HEFESTO STC: DBRS Hikes Class B Notes Rating to B(high)
-------------------------------------------------------
DBRS Ratings GmbH took the following rating actions on the notes
issued by Hefesto STC, S.A. (Project Guincho) (the Issuer):

-- Class A notes confirmed at A (sf)
-- Class B notes upgraded to B (high) (sf) from CCC (sf)

The trends on all classes of notes remain Stable.

The transaction represents the issuance of Class A, Class B, Class
J, and Class R notes (collectively, the Notes). The rating on the
Class A notes addresses the timely payment of interest and the
ultimate payment of principal while the rating on the Class B notes
addresses the ultimate payment of interest and principal. DBRS
Morningstar does not rate the Class J or Class R notes.

As of the 30 September 2018 portfolio cut-off date, the Notes were
backed by a EUR 481 million portfolio by gross book value (the
portfolio) consisting of unsecured and secured nonperforming loans
(NPLs) originated by Banco Santander Totta S.A.

Since the transfer of the portfolio, the secured loans held by
individuals are serviced by Whitestar Asset Solutions S.A.
(Whitestar) and the secured loans held by corporates are serviced
by HG PT, Unipessoal, Lda (HG PT; together with Whitestar, the
servicers). In May 2021, Whitestar took over management of the
unsecured positions from Proteus Asset Management, Unipessoal,
Lda.

RATING RATIONALE

The confirmation and upgrade follow a review of the transaction and
are based on the following analytical considerations:

-- Transaction performance: An assessment of portfolio recoveries
as of 31 October 2022, focusing on: (1) a comparison between actual
collections and the servicers' initial business plan forecast; (2)
the collection performance observed over recent months; and (3) a
comparison between the current performance and DBRS Morningstar's
expectations.

-- Updated business plan: The servicers' updated business plan as
of October 2022, received in January 2023, and the comparison with
the initial collection expectations.

-- Portfolio characteristics: The loan pool composition as of
October 2022 and the evolution of its core features since
issuance.

-- Transaction liquidating structure: except for the Class R
notes, the order of priority entails a fully sequential
amortization of the Notes (i.e., the Class B notes will begin to
amortize following the full repayment of the Class A notes and the
Class J notes will amortize following the repayment of the Class B
notes).
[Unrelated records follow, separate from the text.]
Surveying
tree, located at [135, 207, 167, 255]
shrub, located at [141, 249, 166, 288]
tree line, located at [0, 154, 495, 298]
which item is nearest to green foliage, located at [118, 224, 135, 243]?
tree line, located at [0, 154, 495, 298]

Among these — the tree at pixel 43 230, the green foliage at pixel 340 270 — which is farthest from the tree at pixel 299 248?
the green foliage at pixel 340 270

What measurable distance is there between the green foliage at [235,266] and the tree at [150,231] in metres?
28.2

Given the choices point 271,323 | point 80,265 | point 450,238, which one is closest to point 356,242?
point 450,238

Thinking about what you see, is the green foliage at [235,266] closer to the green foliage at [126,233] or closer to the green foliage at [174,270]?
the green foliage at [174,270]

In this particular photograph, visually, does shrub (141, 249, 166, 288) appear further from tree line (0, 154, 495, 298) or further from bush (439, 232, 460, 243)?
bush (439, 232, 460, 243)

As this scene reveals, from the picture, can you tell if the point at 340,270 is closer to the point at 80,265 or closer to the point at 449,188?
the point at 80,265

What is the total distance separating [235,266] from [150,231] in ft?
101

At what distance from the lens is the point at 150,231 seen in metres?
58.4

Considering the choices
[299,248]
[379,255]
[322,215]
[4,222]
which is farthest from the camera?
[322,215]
Additionally, interest payments on the Class B notes become
subordinated to principal payments on the Class A notes if the
cumulative collection ratio or the net present value cumulative
profitability ratio is lower than 90%. These triggers were not
breached on the November 2022 interest payment date, at which time
the actual figures were 100.4% and 158.3%, respectively, according
to the latest investor report.

-- Liquidity support: the transaction benefits from an amortizing
cash reserve providing liquidity to the structure, covering
potential interest shortfall on the Class A notes and senior fees.
The cash reserve, whose target amount is equal to 3.0% of the Class
A notes' principal outstanding balance, is currently fully funded.
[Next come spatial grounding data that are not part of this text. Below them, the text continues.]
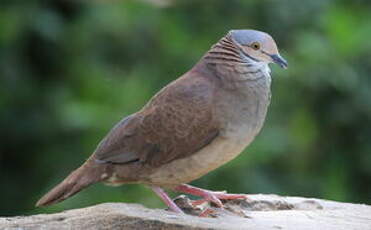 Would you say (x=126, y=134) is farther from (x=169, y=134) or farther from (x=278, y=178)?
(x=278, y=178)

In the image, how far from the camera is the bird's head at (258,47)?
6.42 meters

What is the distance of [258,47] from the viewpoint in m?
6.43

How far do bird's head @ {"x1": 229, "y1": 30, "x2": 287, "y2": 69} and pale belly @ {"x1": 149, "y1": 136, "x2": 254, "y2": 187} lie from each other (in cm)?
45

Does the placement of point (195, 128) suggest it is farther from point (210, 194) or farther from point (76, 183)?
point (76, 183)

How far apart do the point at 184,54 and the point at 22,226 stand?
3.64 meters

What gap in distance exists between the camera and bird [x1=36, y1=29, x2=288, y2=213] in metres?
6.32

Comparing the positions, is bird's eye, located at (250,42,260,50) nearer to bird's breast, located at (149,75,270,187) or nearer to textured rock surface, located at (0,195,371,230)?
bird's breast, located at (149,75,270,187)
-- The exposure to the transaction account bank and the downgrade
provisions outlined in the transaction documents.

According to the latest investor report from November 2022, the
outstanding principal amounts of the Class A, Class B, Class J, and
Class R notes were EUR 10.7 million, EUR 14.0 million, EUR 25.0
million, and EUR 0.4 million, respectively. As of the November 2022
payment date, the balance of the Class A notes had amortized by
approximately 87.2% since issuance and the current aggregated
transaction balance was EUR 50.1 million.

As of October 2022, the transaction was performing below the
servicers' business plan expectations. The actual cumulative gross
collections equalled EUR 99.6 million whereas the servicers'
initial business plan estimated cumulative gross collections of EUR
112.9 million for the same period. Therefore, as of October 2022,
the transaction was underperforming by EUR 13.3 million (-11.8%)
compared with the initial business plan expectations. The
cumulative collection ratio (net of recovery expenses), slightly
above the unit, signals that the underperformance in terms of gross
collections was offset by costs containment as compared to the
servicers' initial business plan expectations.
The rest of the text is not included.